Relatives: Correctional officers, inmates don’t have access to adequate protective equipment
HONOLULU, Hawaii (HawaiiNewsNow) - Family members of inmates and corrections officers say the state prison system doesn’t have adequate personal protective equipment to keep people safe.
Kalani Werner, 41, has been a corrections officer for 16 years.
Last week, he pulled long shifts at Oahu Community Correctional Center, where he was in a unit where inmates suspected of having COVID-19 are being housed.
“Monday, Tuesday, he worked double shifts from 6 a.m. to 10 p.m. Wednesday he went into work at 6, called me maybe about 8 o’clock, just to let me know that he’s not feeling well,” said his wife, Naly.
She said by Wednesday night, her husband was feeling worse.
“I told my daughter to stay downstairs before he came home,” she said. “He went straight to the bathroom, showered, went in the room, stayed there the whole time.”
Kalani Werner was tested on Thursday. It came back positive for COVID-19 on Friday, and he was subsequently hospitalized.
[Read a related report: Parolee positive for COVID sent to OCCC, despite state’s knowledge of diagnosis]
His wife believes he got sick because of a lack of PPEs, including masks that were inadequate.
“I had to go out there and search for those PPEs, wipes, sanitizers. But at this time it is very rare to get,” she said, adding everyone else in the home has tested negative for COVID-19.
Meanwhile, a wife of a Laumaka Work Furlough Center inmate fears for his life.
The woman, who asked to remain anonymous, said he’s at higher risk because he’s had two bouts of cancer and has undergone chemotherapy. She said he’s been given only a single cloth mask.
“The masks that they do have, that they were provided, they’re really super thin and flimsy, and there’s only one for months, like for months they’ve only had that one,” she said.
She also said work furlough inmates like her husband should be considered for release.
“Why not the Laumaka inmates? They’re already halfway out the door,” she said. “They’re already spending half the time outside of the facility. They’re already at home on their passes. They’re at work in the community, reintegrating.”
In response, a spokeswoman for the Department of Public Safety said: “The furlough program has been suspended during this time to reduce the number of people coming and going from the facility and creating a bigger health crisis within the population under our care and custody.”

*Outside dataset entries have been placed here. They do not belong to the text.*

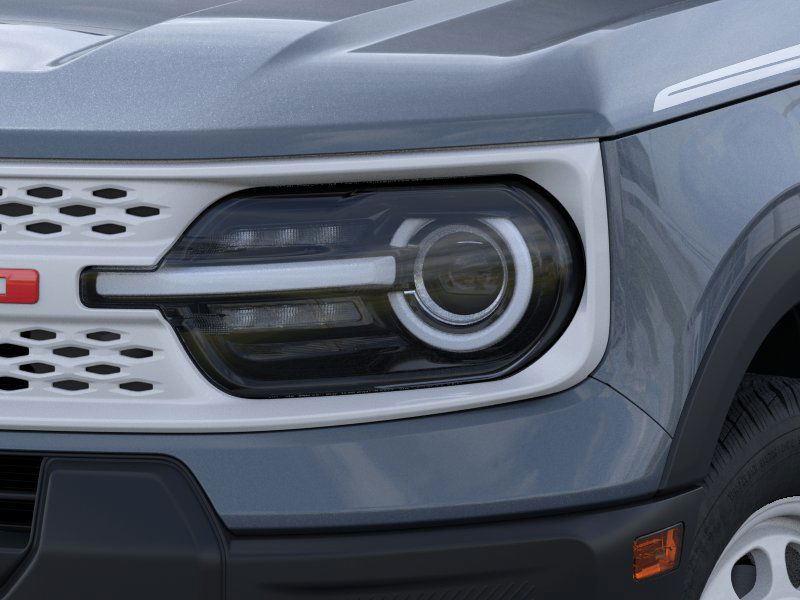 New 2025 Ford Bronco Sport Heritage SUV for sale in St. Joseph MO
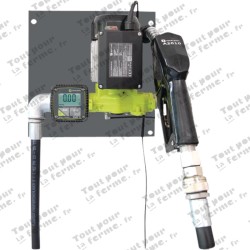 Pompe électrique TecPump 600 FMT3 System
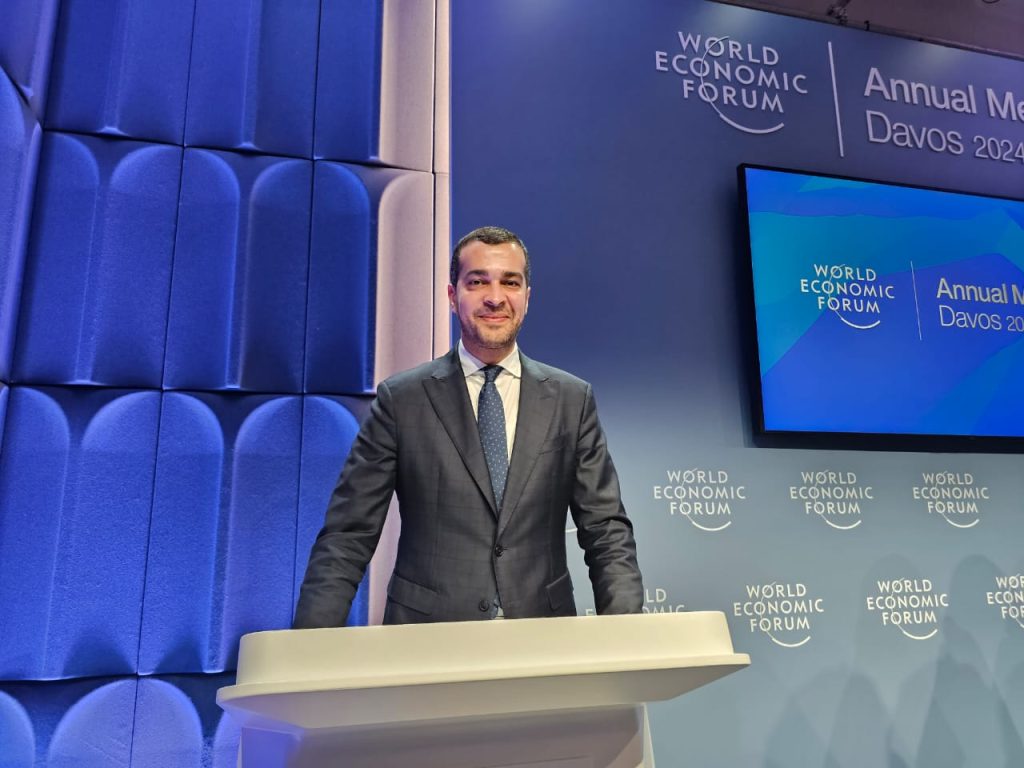 Mohamed Amine Zariat, Président de Tibu Africa, Lauréat du Prestigieux « Prix de l’entrepreneur social de l’année 2024 » 1 Mohamed Amine Zariat, Président de Tibu Africa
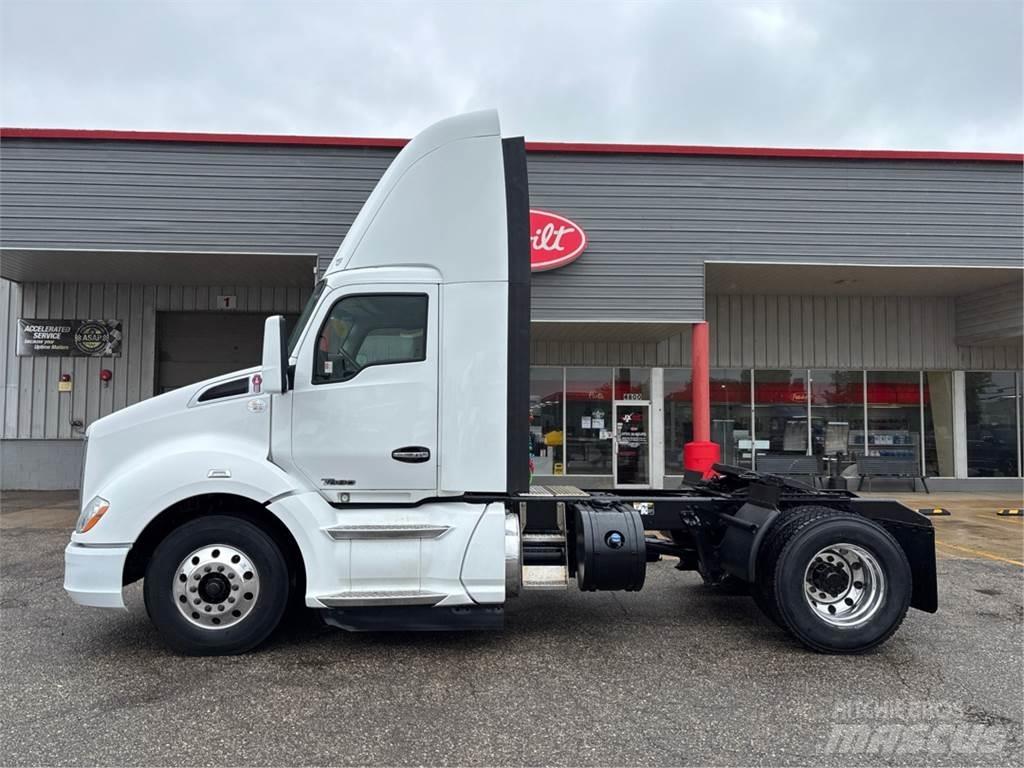 Kenworth T680 Vlačilci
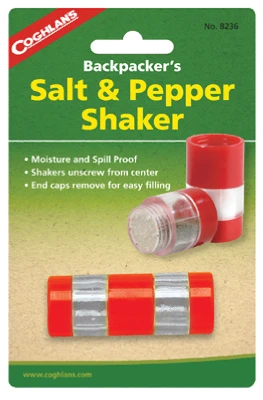 Salt and Pepper Shaker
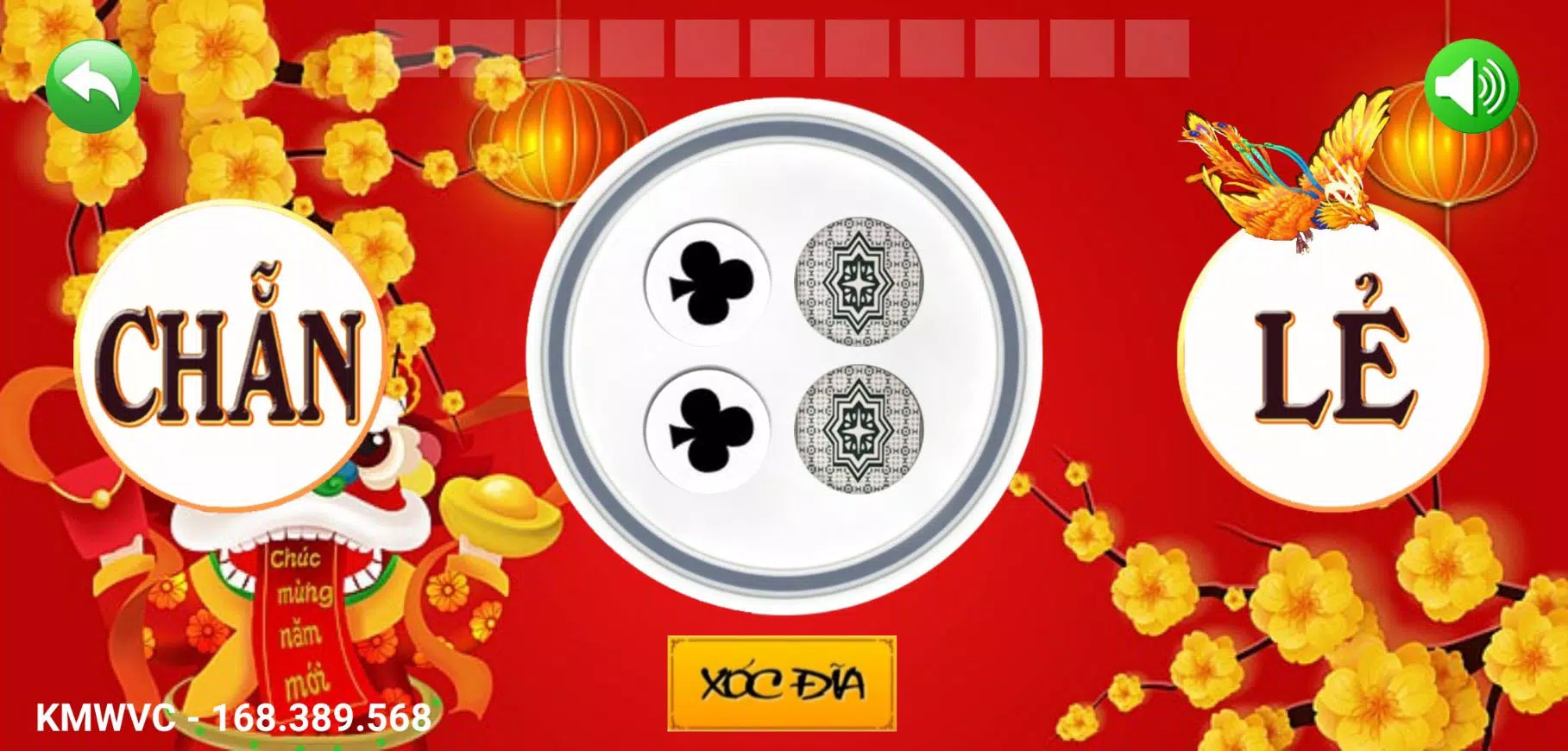 Xoc dia 2024應用截圖第0張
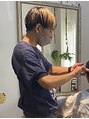 シキオ ヘアデザイン(SHIKIO HAIR DESIGN FUK) 園田 渉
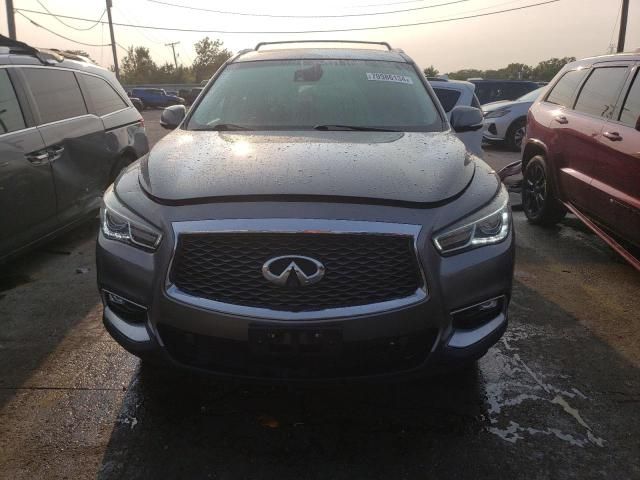 2016 Infiniti QX60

She added that Laumaka inmates “are sentenced felons that may be eligible for parole by the Hawaii Paroling Authority, if they meet release criteria.”
DPS also said said it instituted a plan for COVID-19, including requiring social distancing if possible, issuing personal protective equipment to staff and face masks to inmates and increasing cleaning.
Incoming inmates are also quarantined.
The wife of the Laumaka inmate said he has been tested and was negative for COVID-19.
Kalani Werner’s condition appeared to be improving Friday, and his wife is hopeful that he may be able to come home within a week. But she’s fearful if he goes back to work.
“He can get it again, and what if he passes it on to us?” Naly Werner asked. “So I’m very afraid for those right now that’s in there that has to deal with this every day.”